Artículo de opinión de Julio Gómez
Cayó eliminado el Madrid con honor. Era lo mínimo exigible, la pelea, pero el resultado final se explica por una conducta inasumible en el mejor equipo de la historia del fútbol. Camavinga no debe volver a vestir la camiseta el Real Madrid nunca más. Una falta en el centro del campo innecesaria y una ida de olla para evitar un saque rival dejó a sus compañeros con el culo al aire. Expulsado por doble amarilla y retratado. Ya venía actuando de manera suspensa esta temporada. Lo de anoche fue el aguijón. ¡Que se vaya al PSG ya! Algunos ya están poniendo al árbitro en cuestión por la segunda amarilla. Es rigurosa, pero es. ¿Se la podía haber ahorrado? Puede ser, pero no la provoques de manera tan burda. Si compras lotería te puede tocar aunque tengas una mínima posibilidad. El francés cometió una torpeza en un momento clave. Todo intento de justificarle es un flaco favor a los merengues. Su misión era contener en el medio y no fastidiar a su equipo. No hay paños calientes porque ya llueve sobre mojado esta campaña.

Foto: COPE
En lo táctico los blancos jugaron de tú a tú al equipo más en forma en el presente. Fue un «todos a una» para remontar, fundamentalmente en la primera parte de manicomio. Valverde tapó huecos en su versión que recordaba a su juventud, Güler hizo su magia y Bellingham puso criterio. La definición ya fue de Mbappé. Sin embargo, tiene que ser frustrante pelear tanto para que un compañero meta la pata hasta el fondo. Enfado, frustración y resignación. Y es que en el Madrid no vale darlo todo. Se tiene que sumar ganar. Lo tuvo en sus piernas. Pudo haber eliminado a un contrincante que se tiene que torcer mucho la cosa para que no levante otra Champions. Y ojo al Balón de Oro porque como Kane haga un Mundial decente pinta que se lo lleva con merecimiento.

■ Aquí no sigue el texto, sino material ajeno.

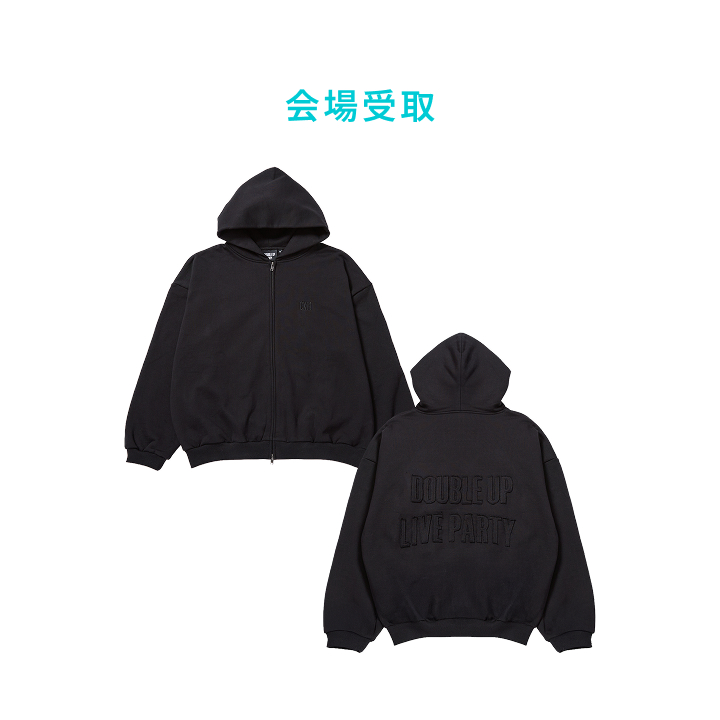 SEVENTEEN | [DOUBLE UP JAPAN] ZIP-UP HOODIE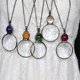 thumbnail image 1 of Magnifying Glass Necklace for Reading, Elderly Gift, Book Accessory, 1 of 5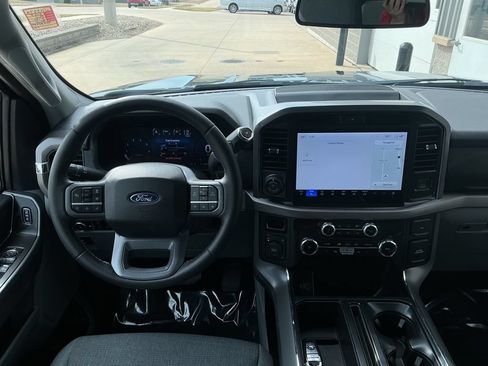 Used 2025 Ford F150 XLT w/ Equipment Group 302A MID AWD/4WD image 11
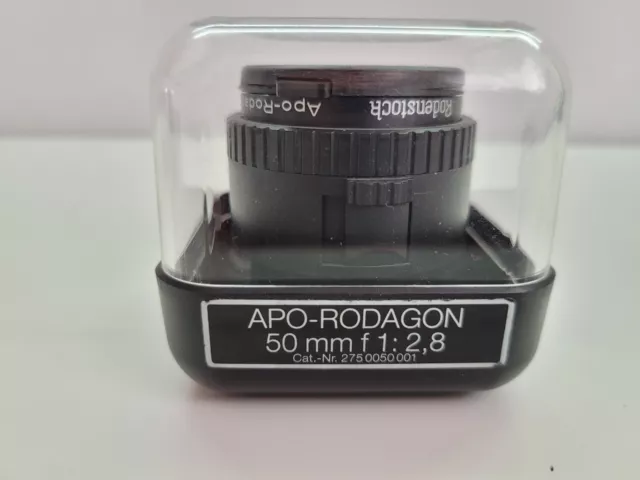 Rodenstock Apo Rodagon 50mm 1:2.8 Número 10743577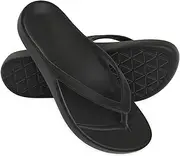 [LightFeet] Arch Support Flip Flops – Australian Podiatrists Designed FlipFlops for Women & Men Prevent Tired Aching Legs | Unisex Orthotic Plantar Fasciitis Flip Flops Made From Recycled Materials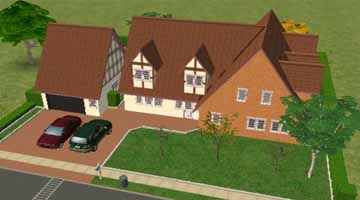 частные дома для Sims 2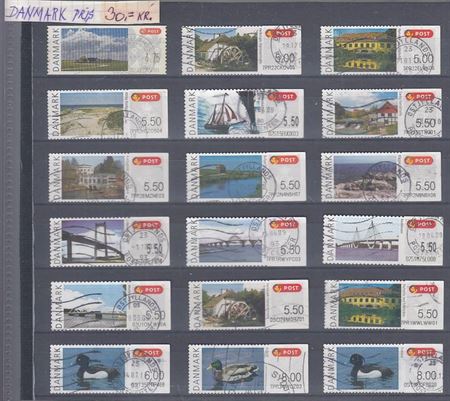 Danske Frimærker 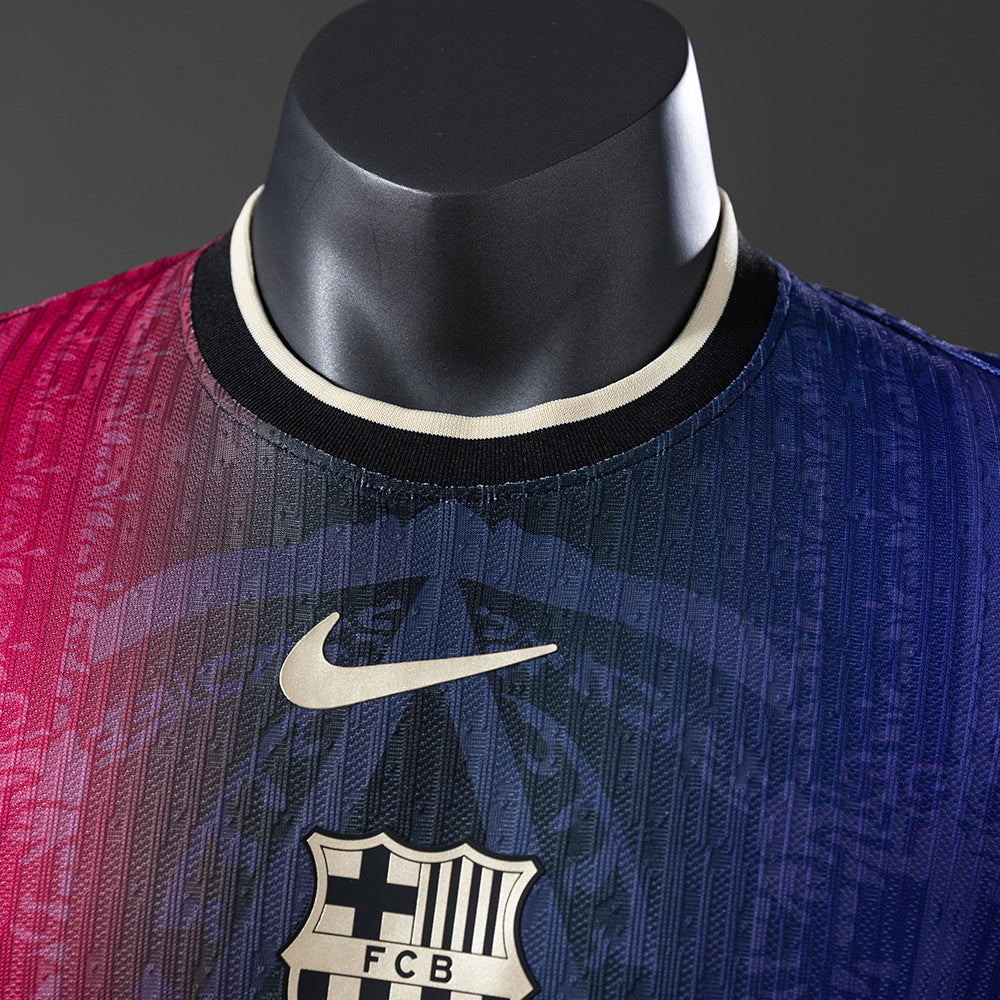 Barcelona 25/26 Red and Blue Special Edition Player Version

¿Y ahora qué? A Arbeloa hay que darle las gracias por haber gestionado una plantilla desanimada y haberles hecho creer en sí mismos. Cumplió su función de agitador por la vía del madridismo. En junio se viene nuevo entrenador, salvo sorpresa. Me preocupa más como será el proyecto. Solo Florentino y sus hombres lo saben. Faltan mediocampistas con creatividad y futbolistas con hambre. Camavinga no cumple ni lo uno ni lo otro. Venta segura. Será la primera de algunas inesperadas. Eso sí, Vinicius y Mbappé tienen que ser intocables. Por muchos odiadores que tengan son la piedra angular de este equipo. Hay que rodearles de profesionales comprometidos para no depender tanto de ellos. No expulsarles por odio. El Madrid volverá. Sabe Dios como. De momento, van dos años en blanco. Día duro para ser madridista.